Electron-nuclear coupling in time-dependent multicomponent density functional theory

In this thesis we developed the time-dependent version of the multicomponent density functional approach to treat time-dependent electron-nuclear systems. The method enables to describe the electron-nuclear coupling fully quantum mechanically. No Born-Oppenheimer approximation is involved in the approach. The multicomponent density functional theory is formulated for an electron-nuclear system in the body-fixed coordinate frame attached to the nuclei. It allows us to describe properly the internal properties of the system.

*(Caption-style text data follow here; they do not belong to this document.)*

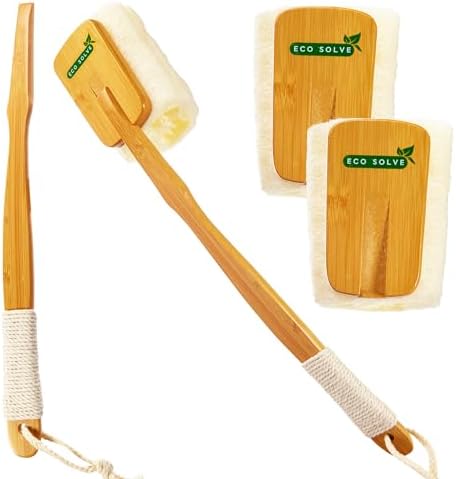 Natural Loofah Shower Scrubber w/Removable Bamboo Handle, Gentle Exfoliation, Long-Ergonomic Handle w/Hemp Rope Grip, Extra Loofah Included for Close Washing, Plastic-Free, Eco-Friendly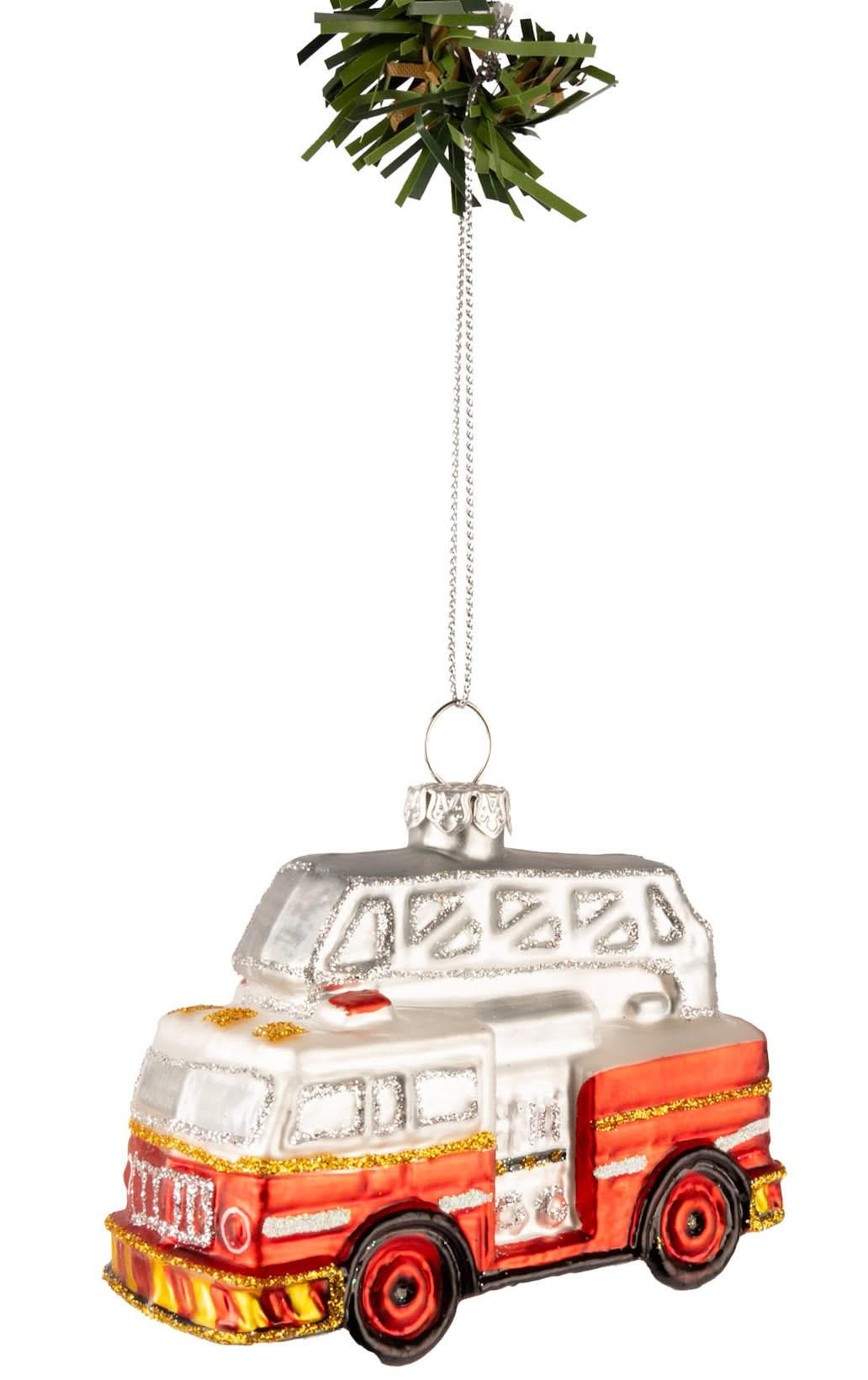 WEIHNACHTSKUGEL Feuerwehrauto 9 cm - Rot, Glas (4/8/1cm)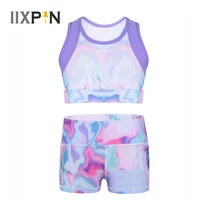 kids girls ballet dance costume outfit colorful tie dye stretchy sleeveless tanks crop top with high waist shorts set dancewear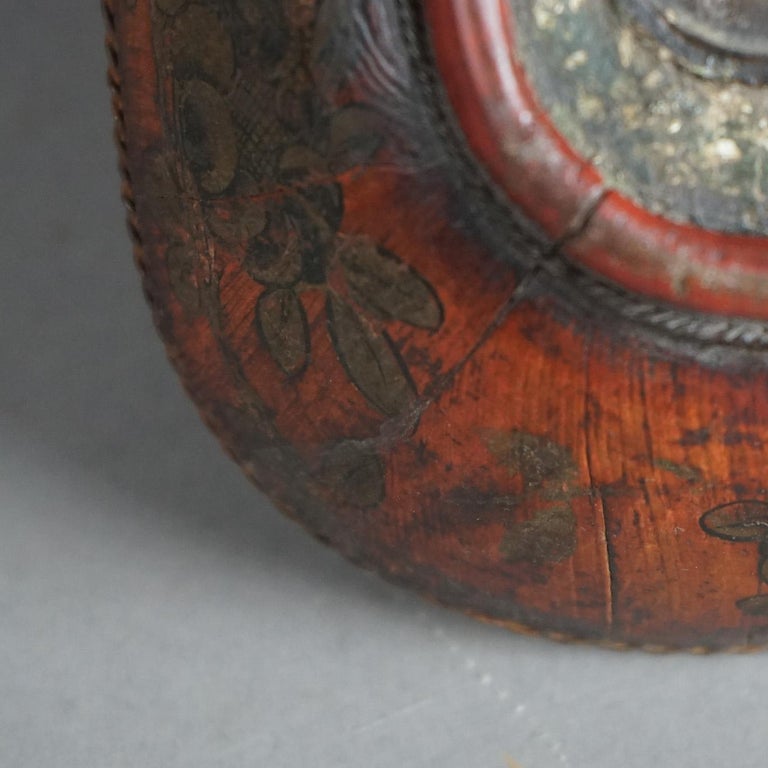 Antique Chinese Figural & Polychromed Wooden Basket Circa 1920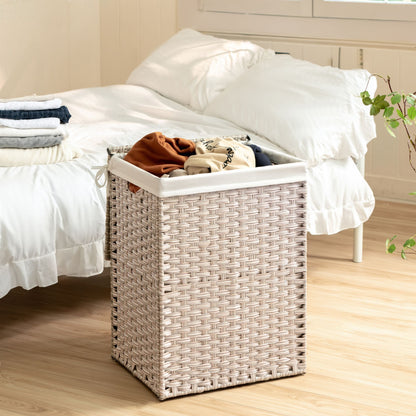 Laundry Hamper With Lid PE Rattan Powder Coating Frame Clothes Hampers With 2 Removable Bags, 100L - Gray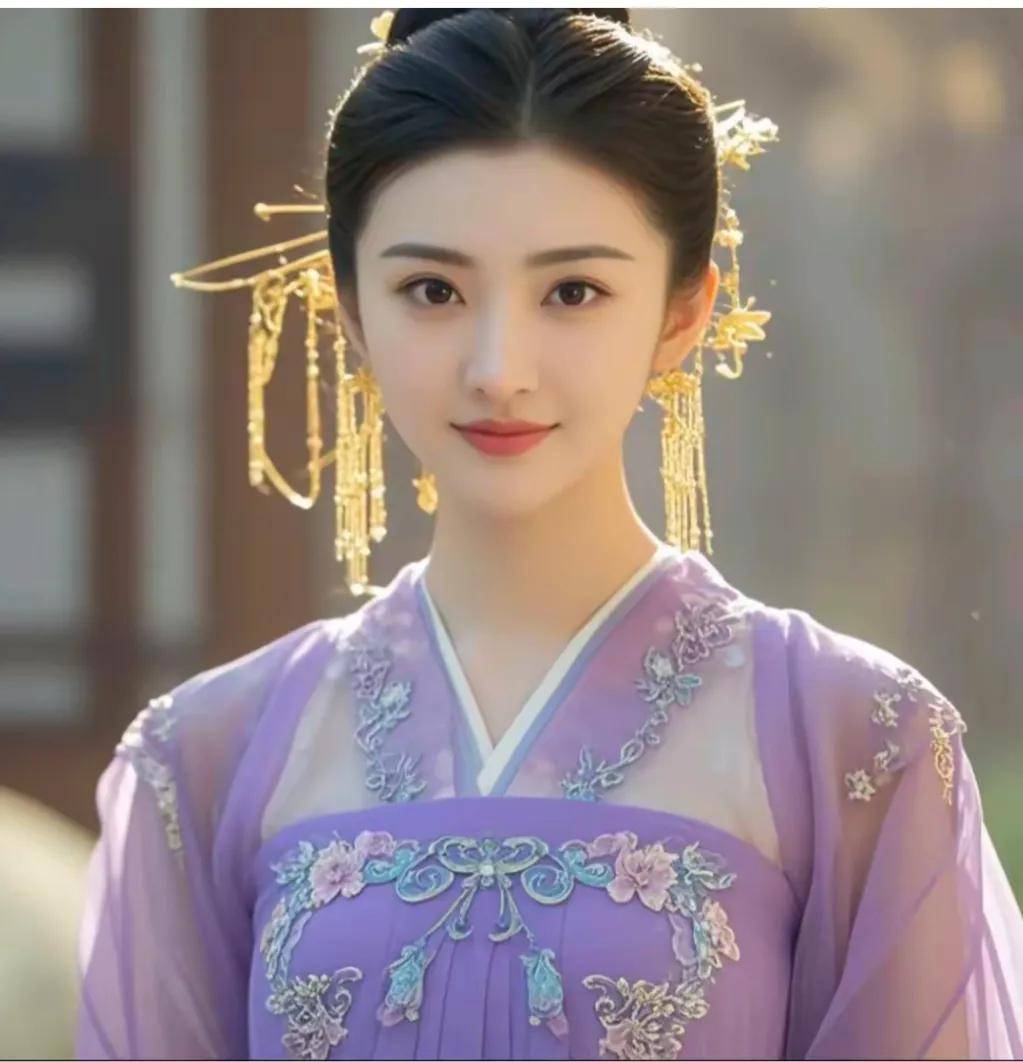 景甜:紫裳仙姿,人间富贵花,紫衣仙女之典范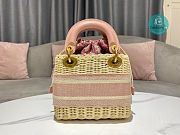 Dior Lady Medium Natural Wicker Pink Size 17x15x7cm - 2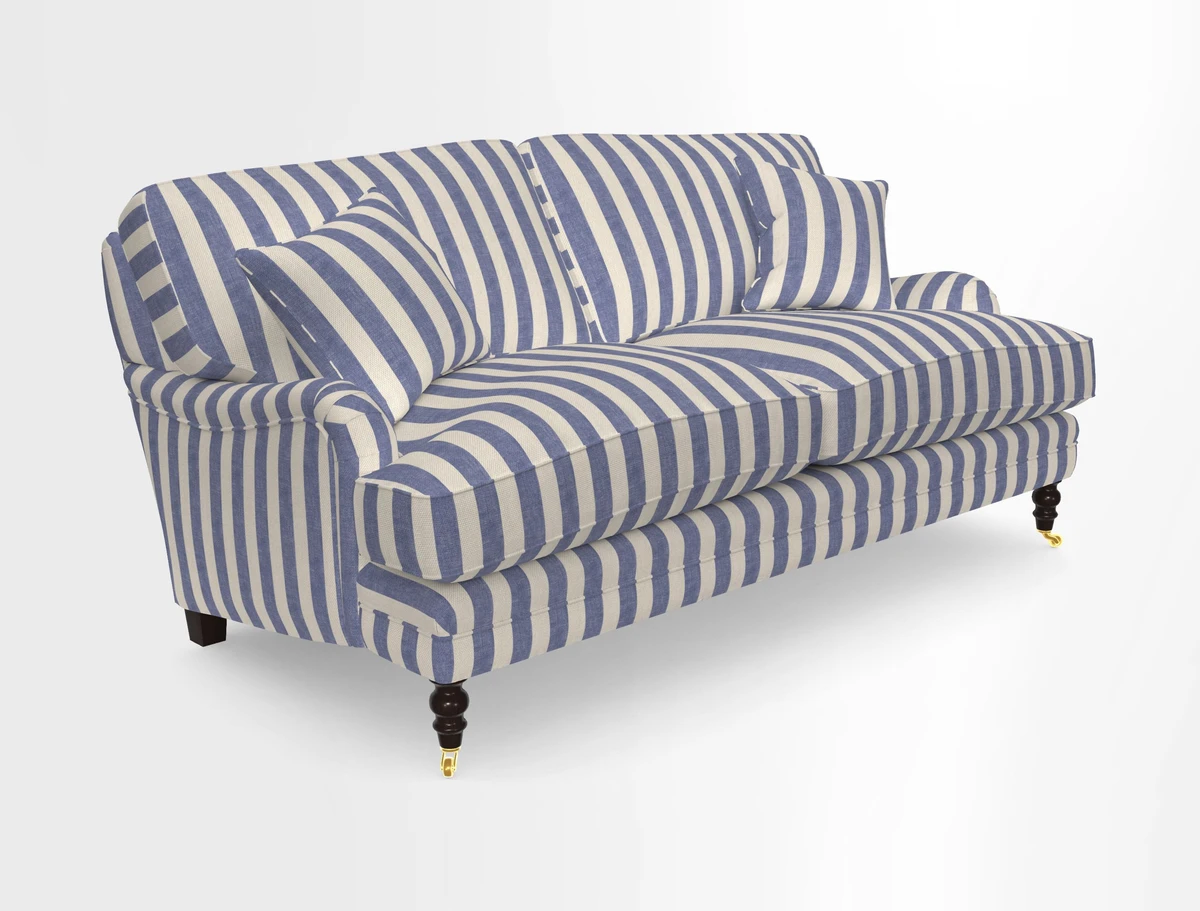 Coates 3 Seater Sofa in Mohair Velvet Indigo with Seat and Back Cushions in Gertrude Jekyll Meadow Flower Blue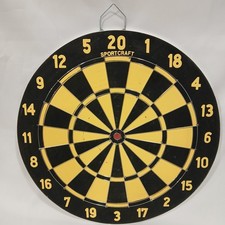 Vtg Sportcraft Baseball Dart Board Double Sided Dartboard w/Hanger In Box 16.75"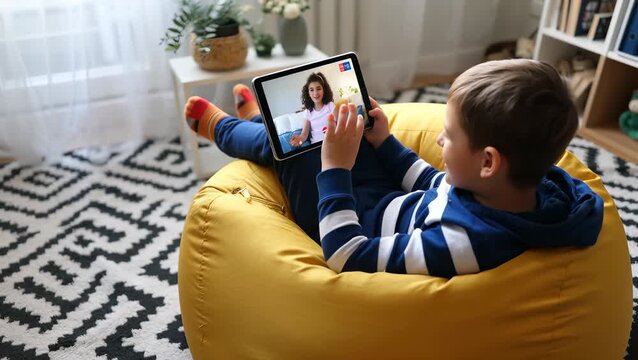 Young Boy Having a Video Call in a Cozy Living Room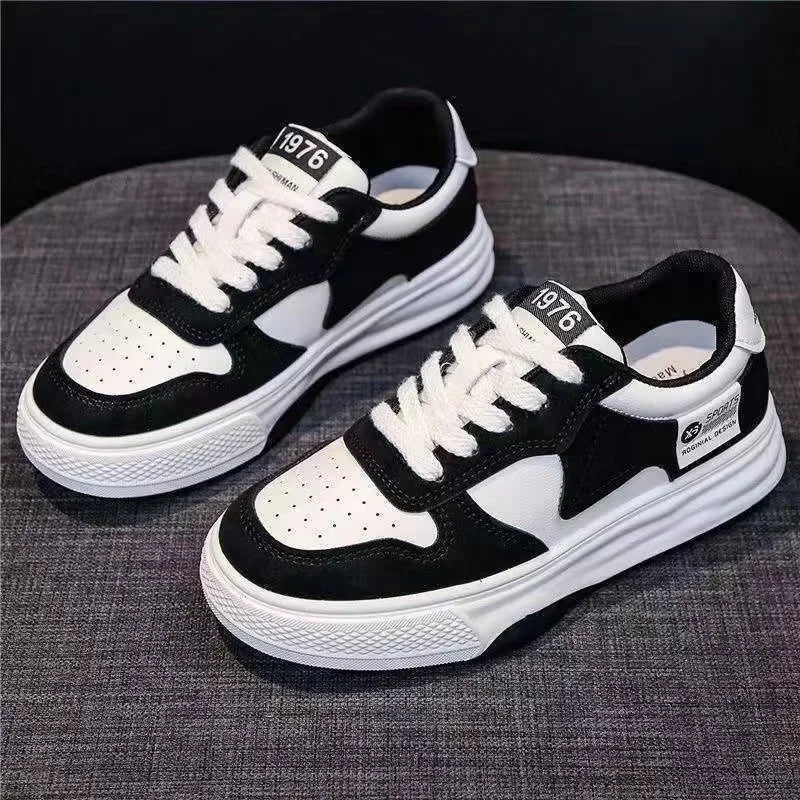 Sports Shoes Flat Female Sneakers Women Tennis Spring Casual Vulcanize Black Fashion Harajuku Thick-sole Sneakers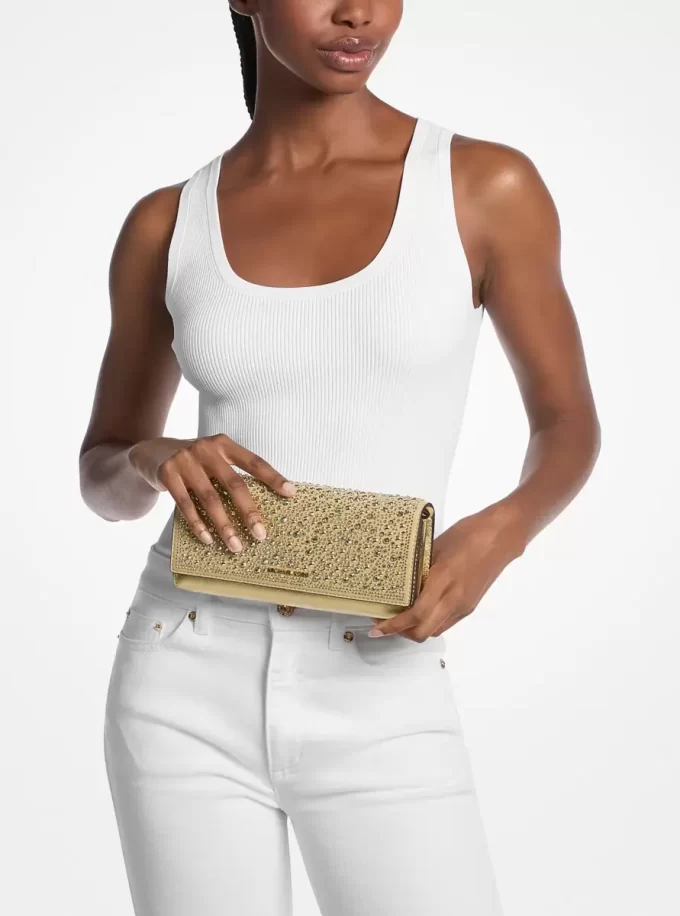 Jet Set Medium Metallic Leather Clutch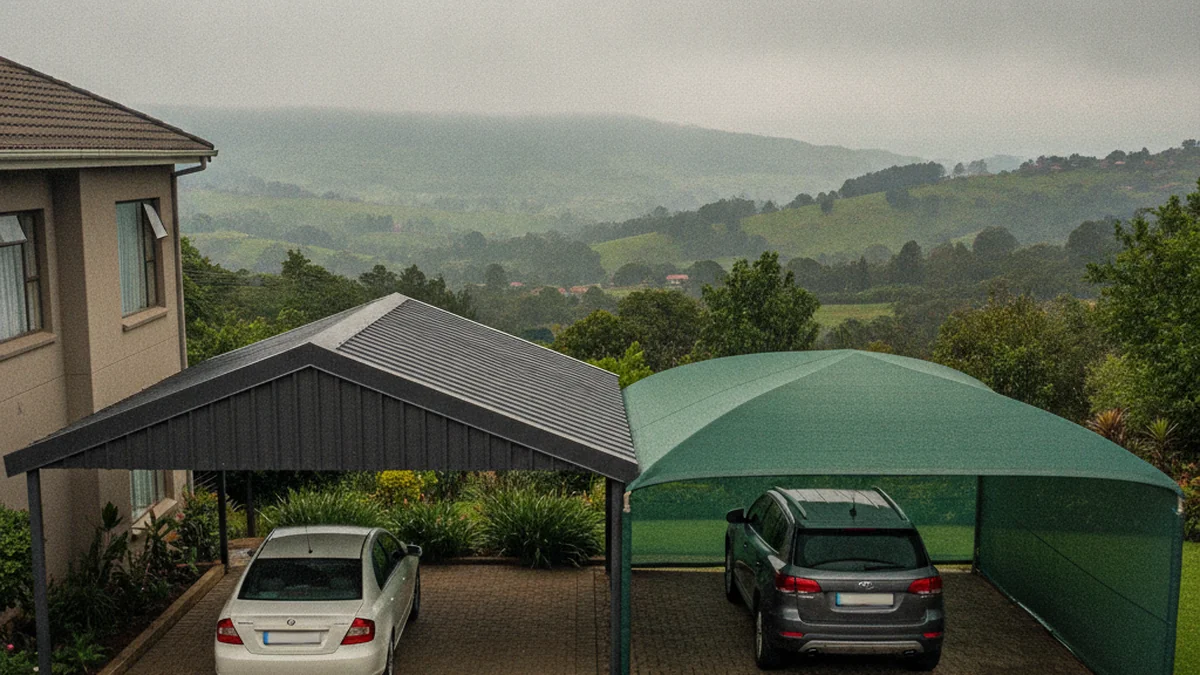 A solid pitched IBR-roof steel carport beside a green shade-net shadeport in one Pietermaritzburg driveway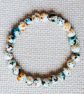 Ladies Smoky Quartz and Hematite Elastic Bead Bracelet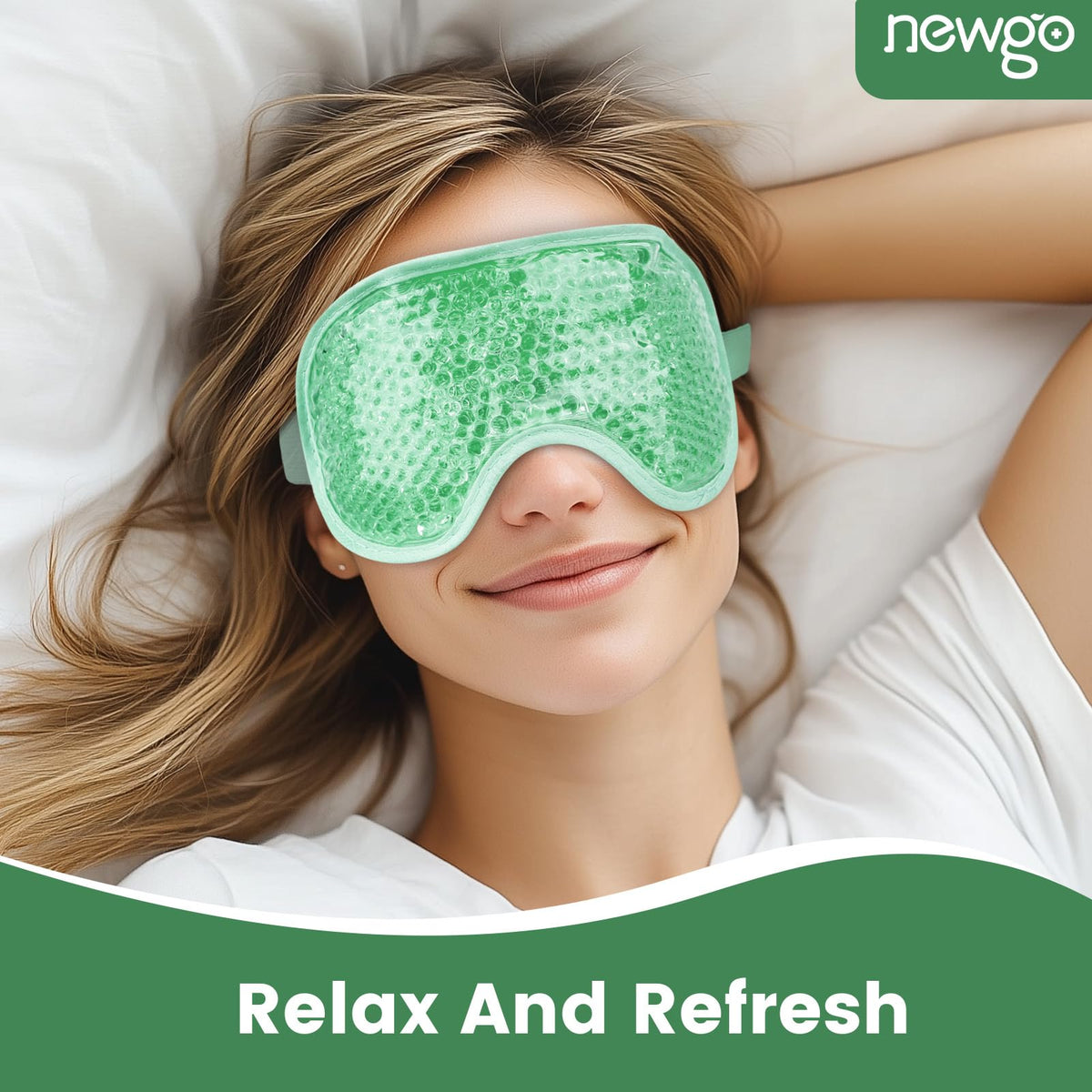NEWGO Cooling Eye Mask being used on a person relaxing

Multicomponent density-functional theory for time-dependent systems

We derive the basic formalism of density functional theory for time-dependent electron-nuclear systems. The basic variables of this theory are the electron density in body-fixed frame coordinates and the diagonal of the nuclear N-body density matrix. The body-fixed frame transformation is carried out in order to achieve an electron density that reflects the internal symmetry of the system. We discuss the implications of this body-fixed frame transformation and establish a Runge-Gross-type theorem and derive Kohn-Sham equations for the electrons and nuclei. We illustrate the formalism by performing calculations on a one-dimensional diatomic molecule for which the many-body Schrödinger equation can be solved numerically. These benchmark results are then compared to the solution of the time-dependent Kohn-Sham equations in the Hartree approximation. Furthermore, we analyze the excitation energies obtained from the linear response formalism in the single pole approximation. We find that there is a clear need for improved functionals that go beyond the simple Hartree approximation.